Columna publicada en La Tercera, 10.02.2016

Recorriendo el camino del Inca junto a mi polola conocimos a una inglesa y a una croata que trabajaban juntas en la riviera francesa y habían decidido hacer un tour por América del Sur. Su viaje incluyó Perú, Argentina, Brasil y Chile. Así, tuvieron la oportunidad de comparar las distintas experiencias turísticas y evaluarlas teniendo como referencia, además, su propia experiencia laboral. Sobre eso se trató buena parte de nuestra conversación cuando nos reunimos en Santiago.

Los premios, no es sorpresa, se los llevó Cuzco. A pesar de la clara y molesta sobre-explotación de Machu Picchu y el estado primitivo de los derechos del consumidor en Perú, el desarrollo turístico de la zona es enorme, los servicios son buenos, los precios son bajos y la comida es excelente. La industria de la artesanía es variada y de alta calidad y la explotación del patrimonio cultural y natural de la zona es bastante intensa y creativa. Así, los turistas entregan felices su dinero a cambio de una oferta generosa de experiencias.

En cuanto a Chile, resumieron su impresión turística del país en la frase de uno de los guías de la viña que visitaron: “Si tienen cualquier duda, me preguntan”. Es decir, un país que no explota sus bondades y que no desarrolla un relato, donde la cultura parece no tener un sabor especial. Esta impresión, por supuesto, se reforzó en ellas al recorrer el Santiago ofrecido a los turistas y concluir que podría estar ubicado casi en cualquier parte del mundo. Ni hablar de las “ferias artesanales”, idénticas en su mediocridad desde Arica hasta Punta Arenas, rematadas por la visita obligada a esas tiendas de lapizlázuli. 

Ante tal opinión, nosotros tratamos de destacar todo lo bueno que les había faltado por recorrer.
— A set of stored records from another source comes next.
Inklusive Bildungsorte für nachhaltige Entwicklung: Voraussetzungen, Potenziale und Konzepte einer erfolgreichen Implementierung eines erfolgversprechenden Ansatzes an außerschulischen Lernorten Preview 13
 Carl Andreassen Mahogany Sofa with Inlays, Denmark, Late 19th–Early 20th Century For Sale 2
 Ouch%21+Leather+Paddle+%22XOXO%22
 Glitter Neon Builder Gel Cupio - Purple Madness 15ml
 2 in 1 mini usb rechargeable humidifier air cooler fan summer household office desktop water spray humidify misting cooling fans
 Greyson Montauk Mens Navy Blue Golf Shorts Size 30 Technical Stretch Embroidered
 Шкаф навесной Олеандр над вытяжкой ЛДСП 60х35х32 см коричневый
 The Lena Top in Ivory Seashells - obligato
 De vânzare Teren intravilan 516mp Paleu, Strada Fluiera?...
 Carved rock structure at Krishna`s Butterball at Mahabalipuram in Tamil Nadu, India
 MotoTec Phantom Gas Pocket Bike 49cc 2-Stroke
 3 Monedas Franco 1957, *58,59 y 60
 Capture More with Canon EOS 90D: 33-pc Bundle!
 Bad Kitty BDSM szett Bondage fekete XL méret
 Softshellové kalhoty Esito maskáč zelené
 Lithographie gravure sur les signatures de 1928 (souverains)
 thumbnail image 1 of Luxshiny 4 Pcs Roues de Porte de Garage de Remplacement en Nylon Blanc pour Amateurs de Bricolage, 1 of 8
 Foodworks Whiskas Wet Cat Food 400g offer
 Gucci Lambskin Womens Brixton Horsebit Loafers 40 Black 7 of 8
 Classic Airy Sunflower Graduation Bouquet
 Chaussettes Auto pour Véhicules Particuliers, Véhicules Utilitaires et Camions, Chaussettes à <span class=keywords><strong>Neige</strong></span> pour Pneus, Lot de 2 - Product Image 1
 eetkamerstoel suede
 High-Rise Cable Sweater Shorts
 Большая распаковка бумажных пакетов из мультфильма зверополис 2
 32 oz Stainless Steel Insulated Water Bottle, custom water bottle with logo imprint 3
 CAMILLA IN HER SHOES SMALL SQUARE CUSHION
Chiloé, Valdivia, San Pedro, Valparaíso, el cajón del Maipo o Puerto Varas (antes de que el nuevo mega-vertedero pudra la ciudad). Pero tuvimos que rendirnos al hecho de que la impresión que ellas se habían formado, aunque acotada, acertaba en describir un país cuyas tradiciones sobrevivían a medio morir saltando bajo la presión de una mentalidad desarrollista que miraba su historia, su paisaje y su propia diversidad con desprecio y desconfianza. Un país que, en el fondo, se había acostumbrado a mirarse sin cariño en el espejo y cuyas elites sueñan con despertar un día en Oslo o Manhattan.

Y, es cierto, uno podría pensar que no se puede comparar turísticamente a Chile con Perú. Que no tuvimos virreinato ni imperio inca. También uno podría pensar que, a pesar de todo, no estamos obligados a desarrollar una industria turística, porque solo nos interesan los viajeros genuinos y no los coleccionistas de experiencias. Pero esas excusas no borrarían la marca de la falta de cariño por lo propio ni el gusto desabrido de nuestro estar en el mundo. Puede ser legítimo -aunque raro- no preocuparse por transmitir a otros el gozo de una cultura. Pero nunca es una buena señal que dicho gozo no exista, y que tengamos que preguntarle al extranjero qué es lo que le parece valioso o interesante de lo nuestro, en vez de mostrárselo con orgullo.